Common encoding methods include:

  • Entropy Encoding or Statistical Encoding : Assigns shorter codes to more probable symbols and longer codes to less probable ones, minimizing average code length. Main methods include Huffman, Shannon, and arithmetic encoding.
  • Predictive Encoding : Uses adjacent known pixels (or blocks) to predict current pixel (or block) values, then quantizes and encodes the prediction error. Includes PCM and DPCM.
  • Transform Encoding : Transforms spatial domain images to another orthogonal vector space, producing transform coefficients for encoding.
  • Hybrid Encoding : Combines entropy, transform, or predictive encoding methods, as in JPEG and MPEG standards.

2 Entropy Encoding Techniques

Entropy encoding is a lossless technique based on information theory, assigning shorter codes to more probable symbols and longer codes to less probable ones to minimize average code length. Main methods include Huffman, Shannon, and arithmetic encoding.
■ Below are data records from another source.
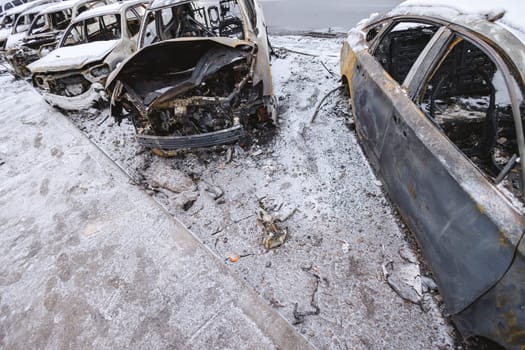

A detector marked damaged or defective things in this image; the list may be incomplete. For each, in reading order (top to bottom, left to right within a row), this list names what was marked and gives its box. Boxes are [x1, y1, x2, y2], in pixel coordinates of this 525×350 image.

destroyed vehicle [0, 0, 54, 50]
destroyed vehicle [5, 0, 107, 77]
burned car [6, 0, 108, 76]
destroyed vehicle [28, 0, 148, 110]
burned car [28, 0, 148, 110]
burnt chassis [106, 38, 270, 150]
destroyed vehicle [105, 0, 276, 149]
burned car [107, 0, 278, 149]
fire damage [107, 0, 278, 149]
destroyed vehicle [340, 0, 524, 348]
burned car [340, 0, 524, 348]
burnt chassis [340, 15, 524, 348]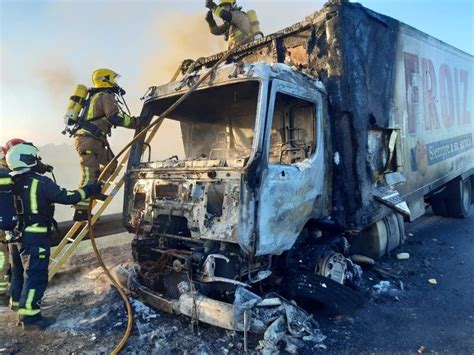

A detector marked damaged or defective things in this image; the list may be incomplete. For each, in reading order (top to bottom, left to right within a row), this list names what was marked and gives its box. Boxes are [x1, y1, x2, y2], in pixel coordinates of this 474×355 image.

burned truck cab [123, 62, 334, 324]
burned cargo [121, 0, 470, 330]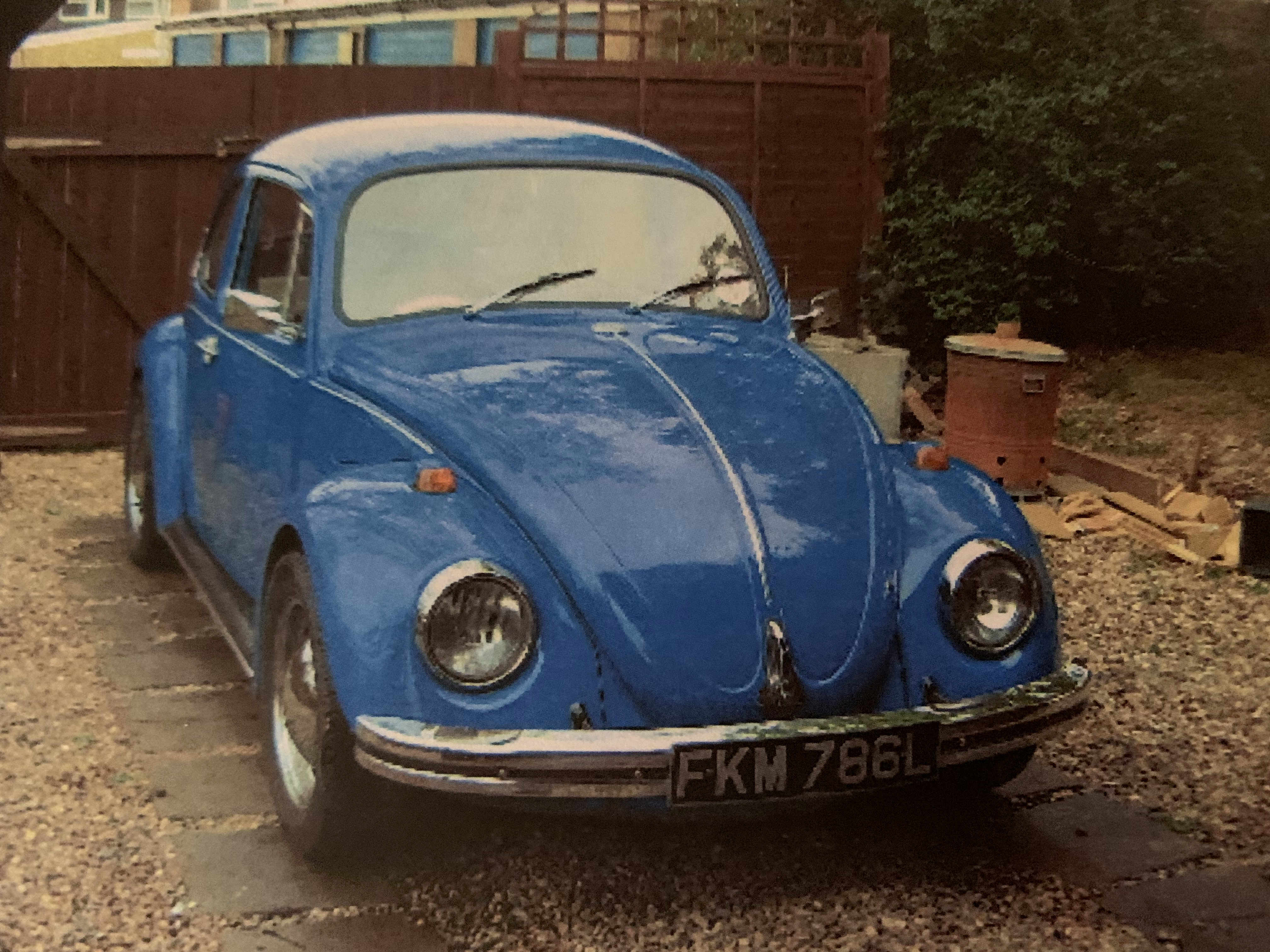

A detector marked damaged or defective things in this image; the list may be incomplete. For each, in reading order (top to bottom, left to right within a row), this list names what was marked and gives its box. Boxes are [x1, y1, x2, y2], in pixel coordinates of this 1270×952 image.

Information entropy represents the optimal encoding length for a data set or sequence, with various entropy encoding algorithms approximating this theoretical value.

2.1 Huffman Encoding

Huffman encoding is a variable-length encoding method. It scans image data to calculate pixel probabilities, assigns unique code words based on these probabilities, and creates a Huffman table. The encoded image records pixel code words, with the code-word to pixel value mapping stored in the table.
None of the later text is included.